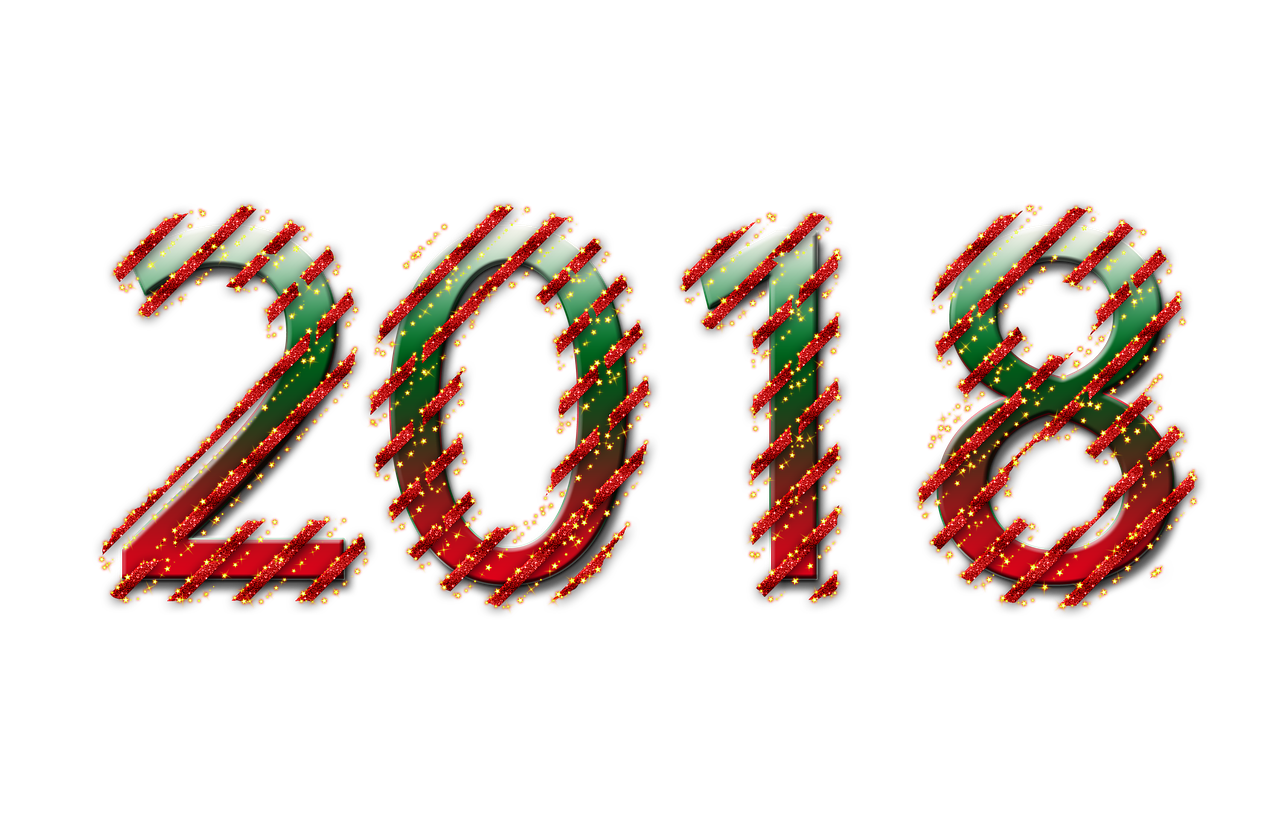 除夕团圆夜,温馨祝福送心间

# # # #

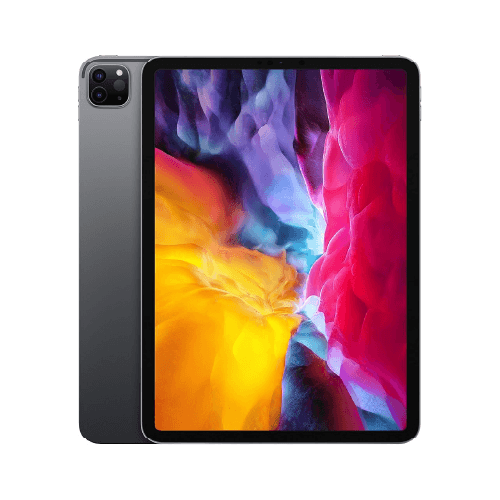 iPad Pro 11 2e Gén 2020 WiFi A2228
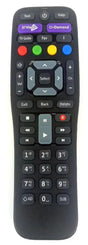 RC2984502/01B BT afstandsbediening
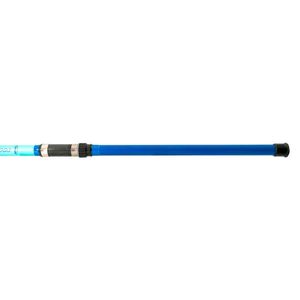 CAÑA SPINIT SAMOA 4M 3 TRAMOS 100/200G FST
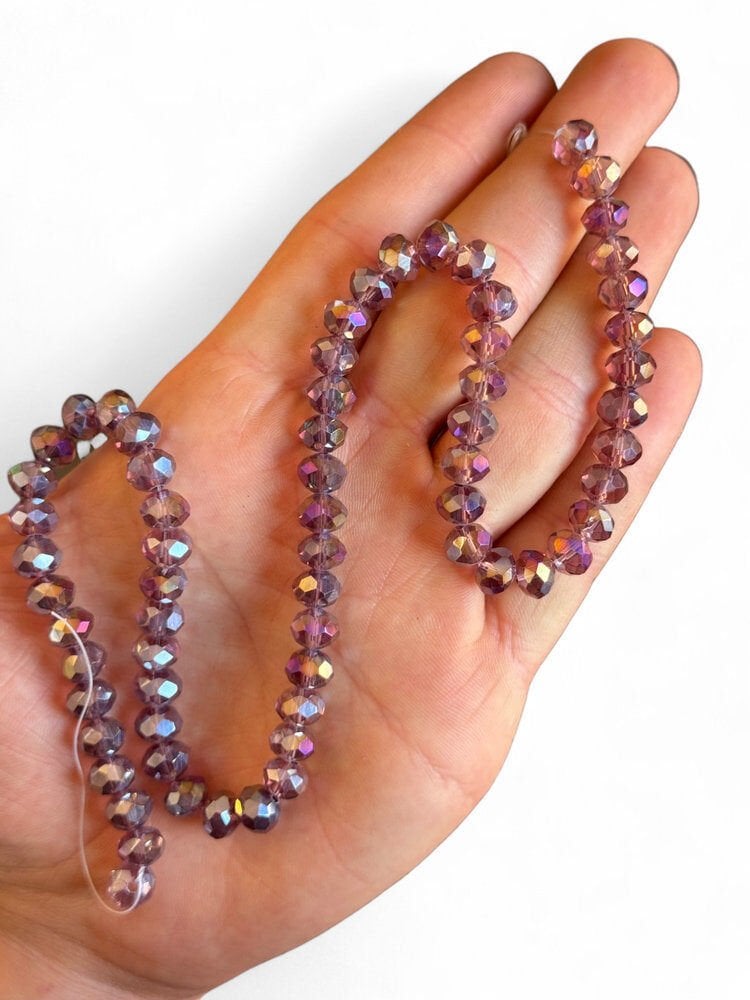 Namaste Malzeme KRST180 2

# # # #

▶ WHAT YOU SHOULD DO
Using the data above, give again exactly the lines starting at the one holding "iPad Pro 11 2e Gén 2020 WiFi A2228" and ending at the one holding "Namaste Malzeme KRST180 2", inclusive, and nothing more. Omit the pictures.

▶ EXERCISE SOLUTION
 iPad Pro 11 2e Gén 2020 WiFi A2228
 RC2984502/01B BT afstandsbediening
 CAÑA SPINIT SAMOA 4M 3 TRAMOS 100/200G FST
 Namaste Malzeme KRST180 2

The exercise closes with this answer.